Le suspense reste discret mais fonctionne, nous maintenant en éveil sans chercher les grands effets. Peu à peu, on s’attache aux personnages, presque malgré soi, car Nesbø les dépeint de façon rugueuse et loin de toute sympathie facile. Ce n’est pas un polar classique, ni tout à fait un thriller : c’est surtout une fresque scandinave sombre, aux allures de saga familiale où la rivalité et la discorde entre deux frères occupent le premier plan. Les amateurs de ce genre d’univers y trouveront une atmosphère singulière, et les plus patients pourront savourer une plongée aussi troublante que captivante dans ce monde âpre et fascinant. Pas de tome 3 à prévoir car l'auteur à l'air d'avoir posé un point final à cet histoire. Mais qui sait....

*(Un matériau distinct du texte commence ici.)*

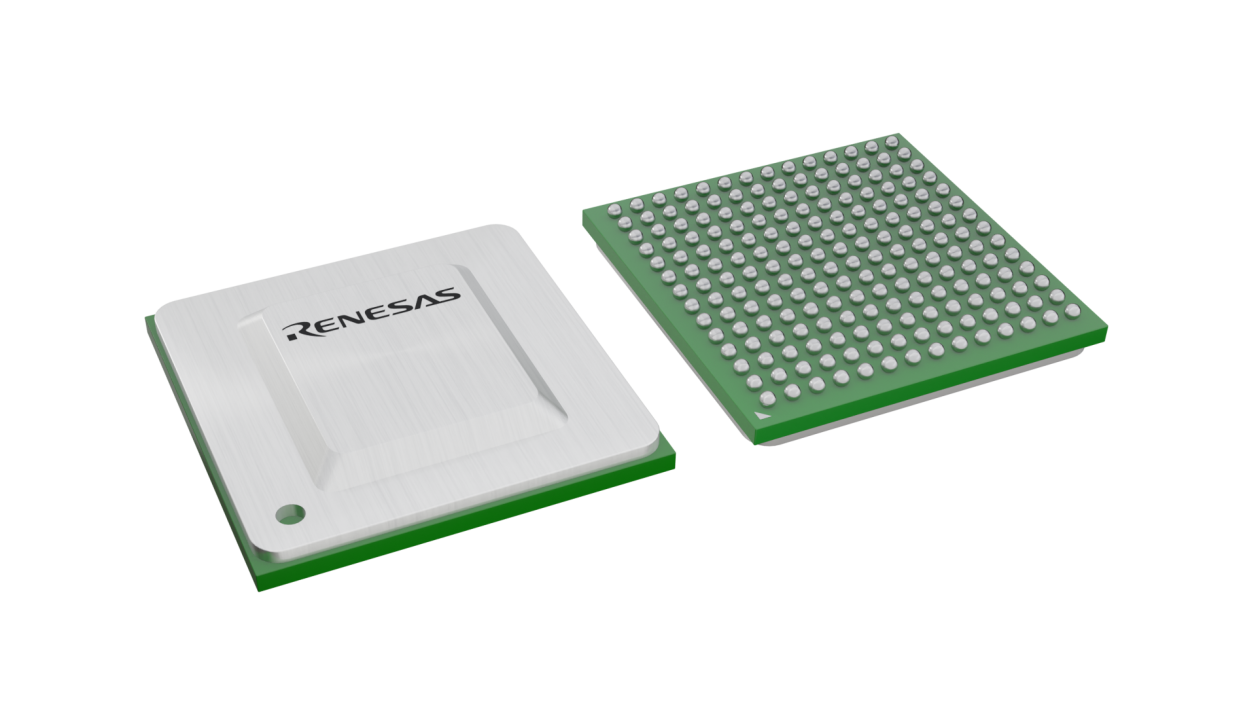 3D illustration featuring top and bottom views of FCBGA IC chip package with 196 lead count.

Extraits • Les Maîtres du domaine • Jo Nesbø
Si Carl et moi gardions des intérêts financiers concordants, nos destins économiques étaient moins enchevêtrés depuis que j'avais revendu une partie de mes actions. L'idée de me trouver opposé à lui dans des enchères pour ce camping était parfaitement absurde, certes, mais nous n'étions plus dans le même bateau. En tout cas financièrement. En ce qui concerne la prison à perpétuité, c'était une autre affaire.
Le corps formant un angle droit, Sigmund Olsen ressemblait à une poupée désarticulée, un épouvantail dont le buste et la tête retombaient devant la plaque d'immatriculation et le coffre. Le sang s'écoulait encore de sa chevelure et éclaboussait les pierres dans un bruit évoquant des claquements de langue. Mais il faisait un piètre épouvantail, l'ancien lensmann, car un corbeau était perché sur son abdomen, les serres autour de sa grosse boucle de ceinture, et il m'avait fallu le bombarder de cailloux pour qu'il s'envole.
Carl a acquiescé, il savait à quoi je faisais allusion. Kurt possédait de quoi tout faire péter, mais avant de faire exploser la dynamite, il devait sortir de la pièce, s'éloigner de nous. Pas de liens, pas de conflits d'intérêts. Ils avaient trouvé quelque chose dans les épaves, aucune autre raison ne pouvait expliquer qu'il renonce à son contrat d'entraîneur et à l'occasion de devenir une véritable légende à Os. Enfin, bien sûr, il aspirait toujours à devenir une véritable légende, mais dans un autre secteur. Il serait l'homme qui avait élucidé les meurtres non seulement de son père, mais d'un total de sept personnes, sept meurtres sur lesquels il avait plus ou moins été seul à enquêter pendant toutes ces années. Alors j'ai applaudi encore. Car il méritait d'être acclamé, cet enfoiré de guerrier des tranchées, cet increvable, qui avait tenu bon quand les saisons se succédaient sans jamais rien de nouveau sur le front.
S'il nous a fallu un peu de temps pour déterminer que c'était le sang et les cheveux de mon père, c'est parce que nous n'avions ni profil génétique ni fragments biologiques d'où extraire son ADN. À l'époque, personne n'a eu l'idée de garder pour plus tard quelques cheveux recueillis sur une de ses vestes, par exemple, et aujourd'hui, tout a été ou nettoyé ou jeté, à part une chose.